In a message dated 2008.05.07 11:37 -0500, Lisi Reisz wrote:
Basicly, a Byte is eight Bits.
Or $1. ;-)
I was going to say that yesterday but I didn't think too many people
would understand it.
For the benefit of those of us who did not understand it...
My guess would be that there is an American/Australian coin worth 12.5 cents,
since that would make sense of this comment.
Is that correct??
Not quite, Lisi - but historically close. The American "dollar" got its
name from anglicizing the low-German "daler" [or German/Bohemian "thaler"
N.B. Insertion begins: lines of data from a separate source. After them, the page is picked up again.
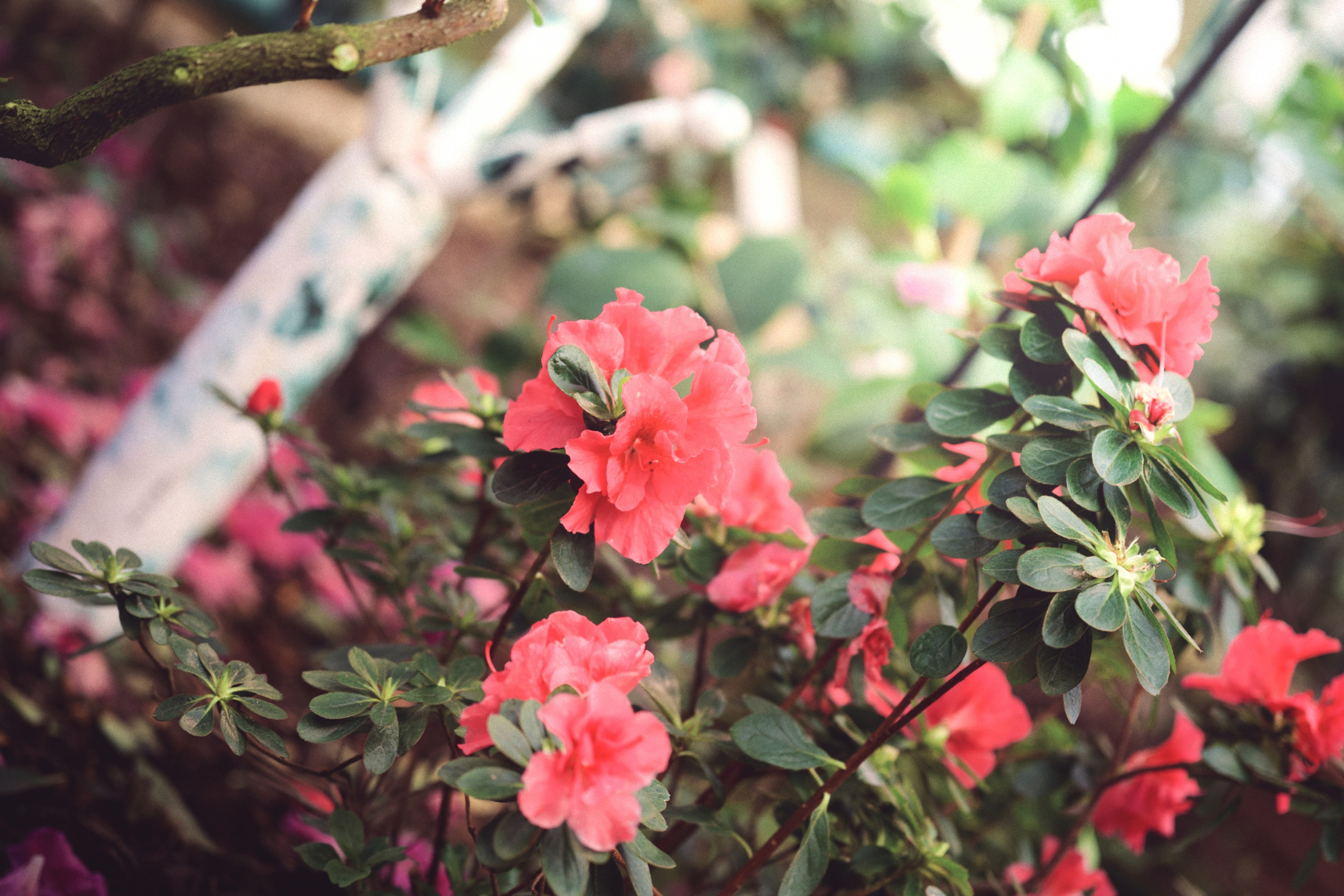 Аптекарский огород. Фотограф-любитель из Кирова Андрей Погребняк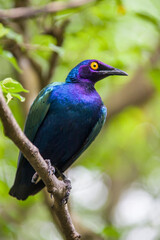 a Purple starling (Lamprotornis purpureus) is a member of the starling family of birds.
It is a resident breeder in tropical Africa from Senegal and north Zaire east to Sudan and west Kenya. 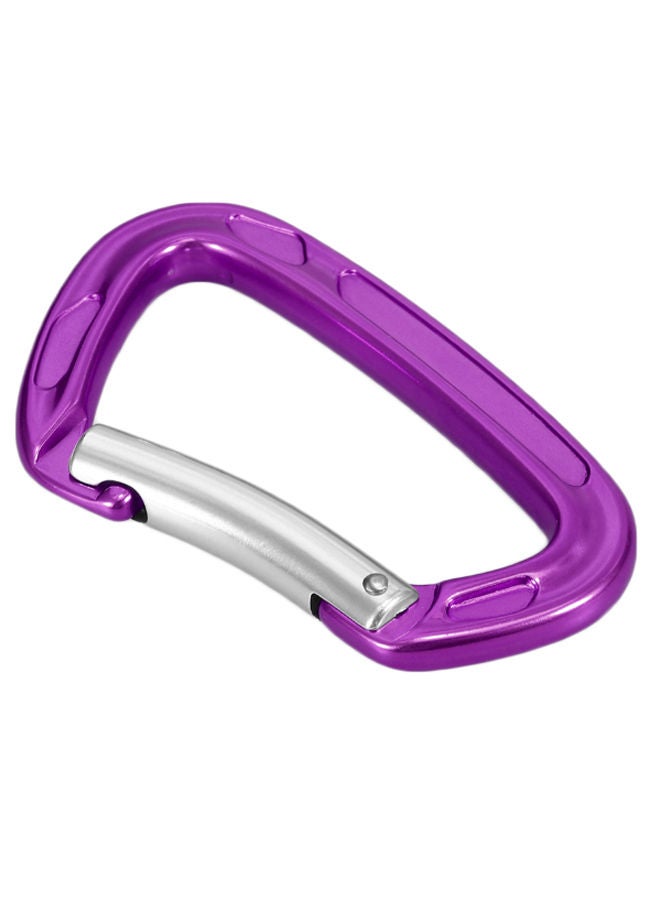 Heavy Duty D Shaped Carabiner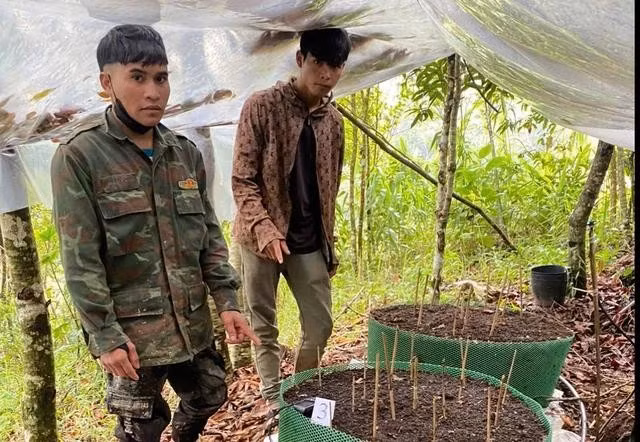 A Gường (trái) và A Đoàn (phải) trộm cắp sâm Ngọc Linh tại vườn của anh Nguyễn Thanh Tuấn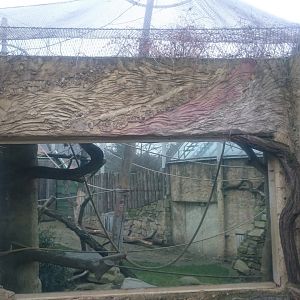 Orangutan Outdoor-enclosure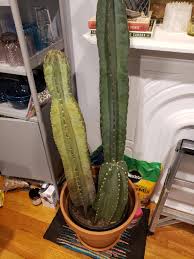 My Cactus Is Turning Yellow Imgur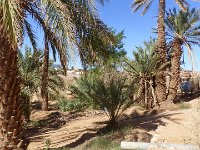 20 octobre Taghit Beni Abbes Timimoune 68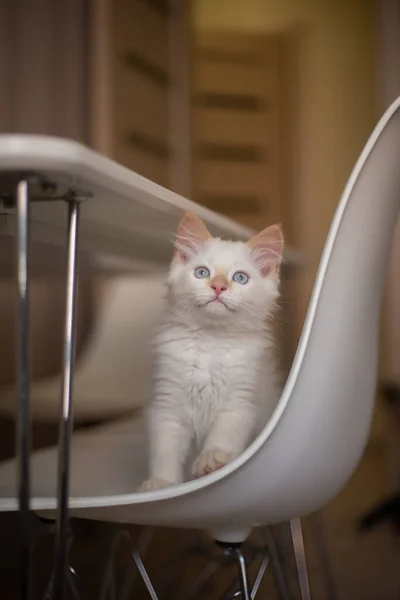 Vita Familiare Con Animale Domestico Gattino Gioca Una Sedia — Foto Stock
(short for Joachimsthaler, the currency of the Joachim valley)]. Just as
the American dollar is sometimes used as currency in places outside the US,
the Spanish peso was used in British colonial America, under the name
"dollar", to cure the liquidity problem imposed by an inadequate supply of
British coins. The Spanish peso/dollar was worth 8 reales [for that reason
sometimes called "pieces of eight"].
Minting coin was expensive, so coins of larger denomination were
economically preferred, but economically inefficient: the peso/dollar was
too large for many daily transactions. With an inadequate supply of smaller
denominations, there was a practice of cutting the peso/dollar into eight
pieces, or "bits", or "reales". Hence the tradition of 8 bits to the
dollar. After the revolution, when the Americans were coining their own
federal currency, I don't believe they ever actually made a 1/8 dollar coin
(though individual colonies may have done so) -- but tradition dies hard.